After a long delay, my Karma Go 4G LTE wireless hotspot finally arrived. I was bemused to open the envelope and find it packaged in a resealable plastic pouch not too different from the pouches my Soylent meal drink comes in. Had I purchased a batch of “Instant Karma”?
Happily, when I tore open the envelope, I found a nice bundle of everything I needed to get me started: the device itself, a nice heavy felt case for it, a custom USB connection cable, leaflets with legal information and quick-start instructions, and even a sheet of four Karma logo decals that I could put on something that might need decorating.
The instructions were simple enough, and the device actually seemed to be mostly charged already. Just in case, I plugged it in to power up for a while, while I examined the rest of the stuff.

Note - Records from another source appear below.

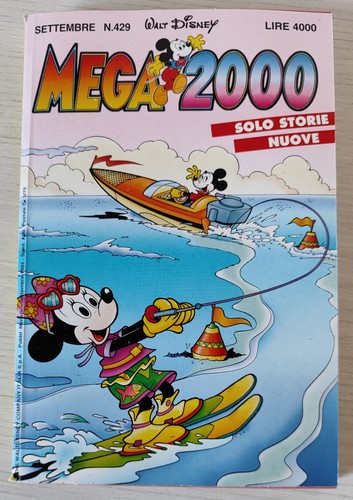 Mega 2000 almanacco topolino - almanacco,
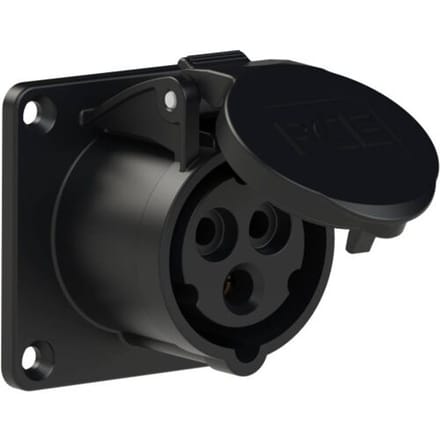 PCE venttechnik 313-6TTX CEE-CARA-opbouwdoos 16 A 3-polig 230 V 1 stuk(s)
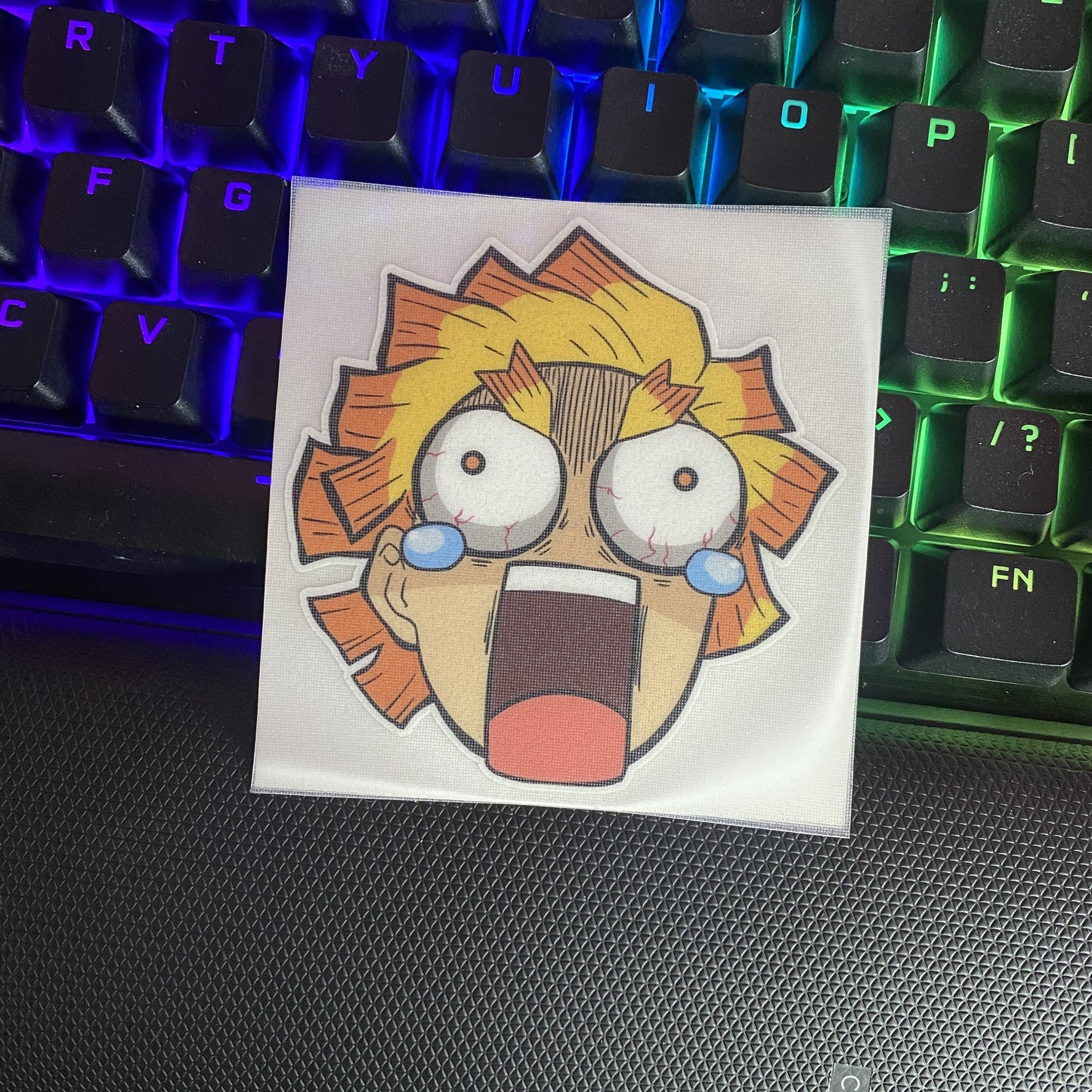 Premium Crying! Sticker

The felt case is going to be nice to have. My first MiFi had a cloth case, but it wasn’t nearly this nice. I can tell this one will protect the hotspot well. I’m not sure what I might put the decals on, but I expect it will be nice to have them just in case I should decide I need them.

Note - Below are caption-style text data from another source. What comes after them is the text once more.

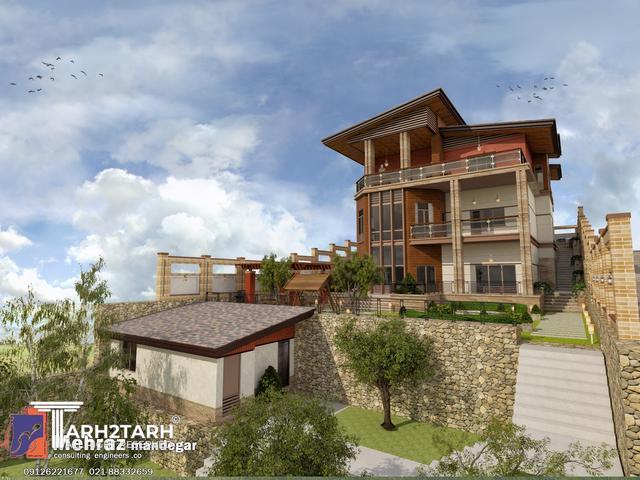 پروژه ویلای شهرک انا-رودهن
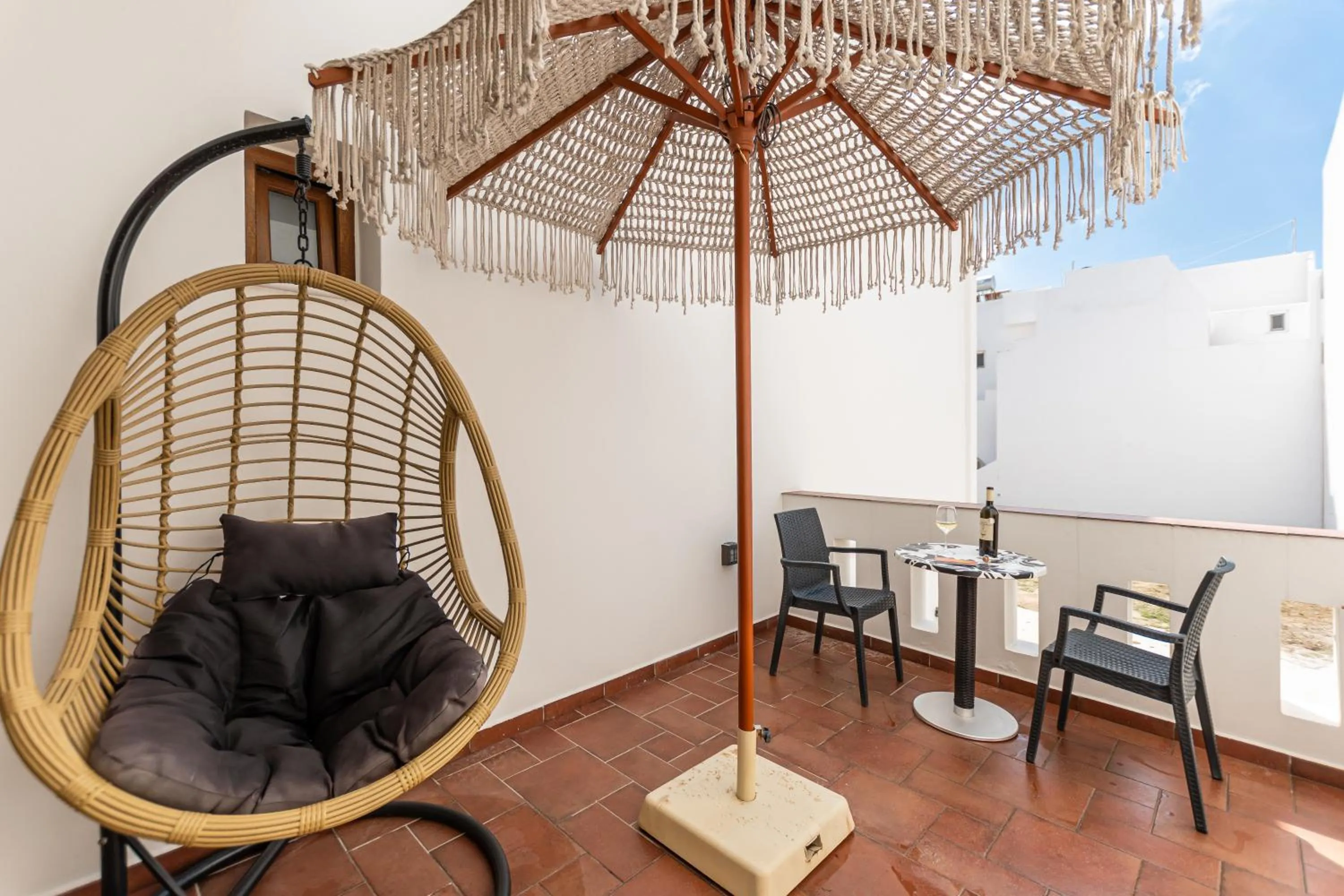 Patio in Kallisti Studios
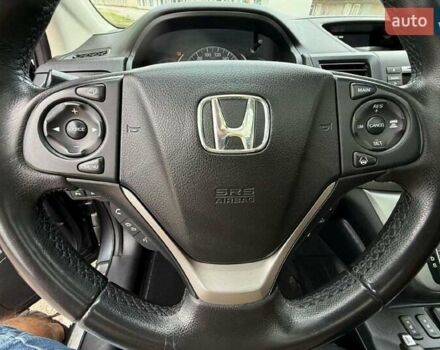 Серый Хонда СРВ, объемом двигателя 2.2 л и пробегом 178 тыс. км за 12900 $, фото 14 на Automoto.ua
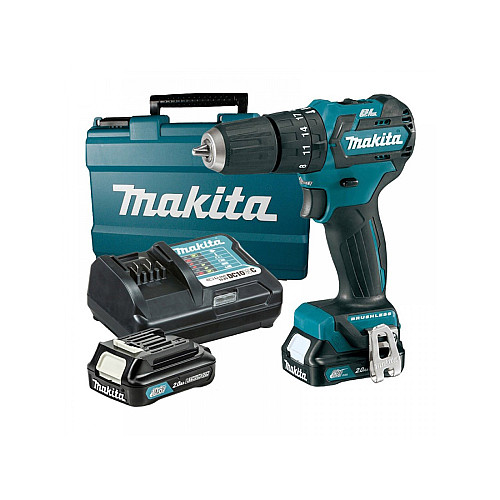 Аккумуляторная дрель-шуруповерт Makita DF332DWAE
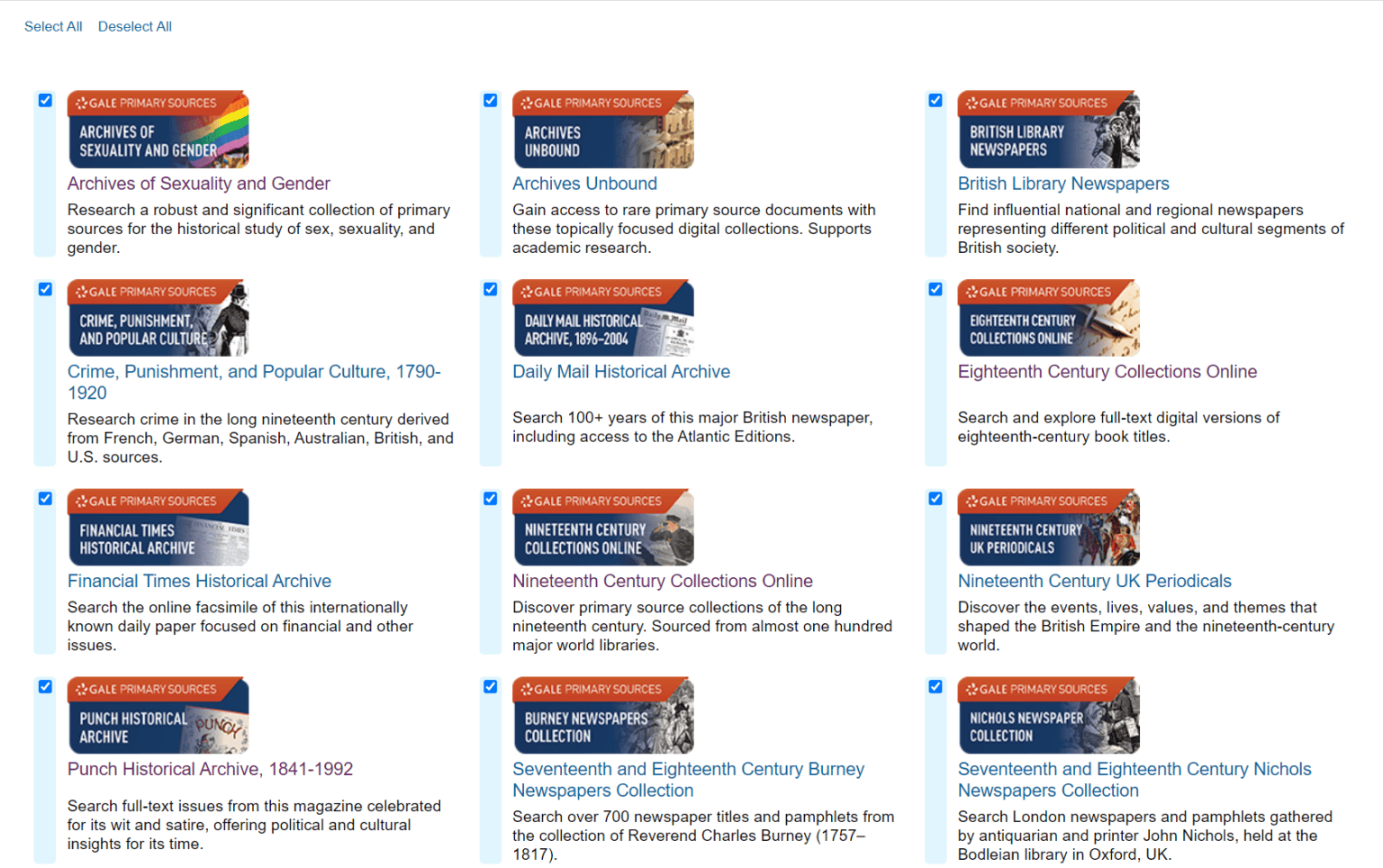 From Undergraduate to Postgraduate History: How to use Digital Archives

The custom USB cable has one of those “naked” plugs that fits into a standard USB slot without having the metal collar, though Karma notes that regular micro-USB cables can be used as well. As a nice touch, its ends are magnetic so they stick to each other when you have the cable wrapped up and stuck through the plastic clip that attaches to it. Karma has an instructional. video illustrating its use:
When I was ready, I powered on the device and prepared to connect. In honor of the essay I wrote all the way back in 2010 about using hotspots to retrofit cellular Internet connectivity to WiFi e-readers, I opted to connect my Kindle Touch to it first. Since the Karma uses a login screen, I was curious whether the Kindle would work. It turned out there was no problem; the Kindle’s built-in web browser noticed there was a login screen and popped it right up, just like it would at any Starbucks or other location with a captive portal. I was able to use the Kindle’s touch-sensitive screen to enter my username and password, and it passed me right on through.
On the login page, Karma prompted me to install its Android or iOS app. This I did, with my smartphone and tablet, and was fairly impressed by what I found. The Karma app monitors who’s logged into your hotspot, gives you an easy way to check your hotspot’s battery life, and also lets you track your data usage by day or hour.
When I ran Ookla’s Internet Speedtest app on my tablet, the Karma clocked in at about 18 MBPS downstream, 13 MBPS up. That’s better than my Brighthouse landline Internet, which measured 16 and 2, and it’s certainly fast enough to stream music or even video—something you just couldn’t do with a 3G MiFi.
The final test was to take it out and about to see how it worked in the field. This I did on a quick trip down to the local drugstore. It kept my tablet hooked up all the way, and I was able to play Ingress without noticing any significant latency or speed-related issues.
Of course, this all happens when I’m using the Karma by myself. One of the big features of the Karma service is that any Karma member can use your hotspot simply by logging into their own Karma account through it, and any non-member can sign up instantly and get 100 megabytes free. It doesn’t cost you data—they use from their own allotment—but it may slow your data rate down if they use it for heavy downloading or streaming. But then, at 18/13 megabits per second, it’s possible you might not even notice. Plus, if someone signs up through your device, you’ll get an extra 100 megabytes of data added onto your account.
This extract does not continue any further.